I want to express my opinions but I am afraid of the Yoga Police. They seem to be everywhere these days. What should I do?

– Conflicted in Connecticut

Dear Conflicted:

I understand and believe me; you are right to be concerned about the Yoga Police. The YP know everything about yoga and are more enlightened than you and me, or is it you and “I”?  (Believe me, they will let us know.) I have been hounded by them lately. They have been very vocal that what I wear to practice isn’t yogic, that getting angry isn’t yogic, that writing about yoga scandals isn’t yogic, and that making fun of yoga isn’t yogic. Apparently, you are only supposed to breathe and be quiet on your mat.

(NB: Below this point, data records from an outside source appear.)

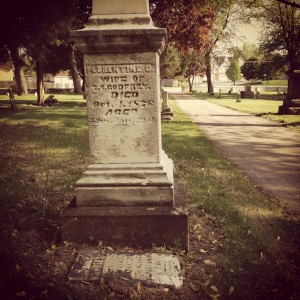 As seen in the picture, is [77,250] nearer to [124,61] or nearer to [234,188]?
[124,61]

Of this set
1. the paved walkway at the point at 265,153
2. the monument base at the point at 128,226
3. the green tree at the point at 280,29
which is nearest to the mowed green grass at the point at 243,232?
the paved walkway at the point at 265,153

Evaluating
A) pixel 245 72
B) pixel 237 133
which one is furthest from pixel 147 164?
pixel 245 72

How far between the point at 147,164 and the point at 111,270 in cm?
126

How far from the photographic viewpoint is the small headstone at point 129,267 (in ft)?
9.75

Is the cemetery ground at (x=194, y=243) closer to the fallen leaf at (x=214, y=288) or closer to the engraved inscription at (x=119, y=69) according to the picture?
the fallen leaf at (x=214, y=288)

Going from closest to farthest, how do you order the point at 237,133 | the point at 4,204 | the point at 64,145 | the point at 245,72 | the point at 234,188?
the point at 4,204 → the point at 234,188 → the point at 64,145 → the point at 237,133 → the point at 245,72

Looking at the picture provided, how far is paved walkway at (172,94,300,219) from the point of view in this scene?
5.49 meters

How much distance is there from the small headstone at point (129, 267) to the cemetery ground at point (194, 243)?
0.26 feet

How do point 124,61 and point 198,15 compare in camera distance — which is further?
point 198,15

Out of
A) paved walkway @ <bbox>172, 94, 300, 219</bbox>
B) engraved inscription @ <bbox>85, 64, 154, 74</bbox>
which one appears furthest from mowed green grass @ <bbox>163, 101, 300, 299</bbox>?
engraved inscription @ <bbox>85, 64, 154, 74</bbox>

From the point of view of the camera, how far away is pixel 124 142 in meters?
3.67

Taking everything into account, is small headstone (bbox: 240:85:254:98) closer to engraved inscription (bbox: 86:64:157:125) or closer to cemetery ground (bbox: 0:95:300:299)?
cemetery ground (bbox: 0:95:300:299)

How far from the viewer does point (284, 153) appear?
8133 mm

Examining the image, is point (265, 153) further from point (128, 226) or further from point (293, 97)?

So this is how I deal with the Yoga Police: some days just require Xanax. I also recommend that they might try yoga to deal with my unyogic-ness because everyone says it works. Good luck, and do not be afraid of people who sign their name, God or Great Teacher. I mean, really? I think God may have other things on his/her mind than whether or not my butt looks big in Luon.

Dog Lover and Buddhist

Dear Yogi Muse,

I understand that the editor of Elephant Journal, Waylon Lewis, is a Buddhist. Do I need to be Buddhist to write for EJ?

– Practicing but not yet Perfect

Dear Practicing,

I don’t think so, but it couldn’t hurt. (I am waving my arms above my head and screaming, Joke!, for all the serious people, many of which live in Boulder, are Buddhist, and do not think this is funny.) However, the Yoga Police will give you a much easier time if you are gluten-free because that is also necessary to be yogic (Um, waving my arms above my head again people). And yes, I do know that many individuals have a life-threatening allergy or Celiac disease and I am in no way making fun of those people who experience illness from gluten. I am only making fun of everyone else.

I’m not angry!

Dear Yogi Muse,

Why are you so angry all the time? Your energy is very bad and it is destroying yoga and all of mankind. You deserve much bad Karma, and I wish it would happen already so I can get back to being more yogic than you.

– Great Teacher

Dear Great Teacher:

How did you get here? You are supposed to wait until after the blog has been posted to tell me that I am evil.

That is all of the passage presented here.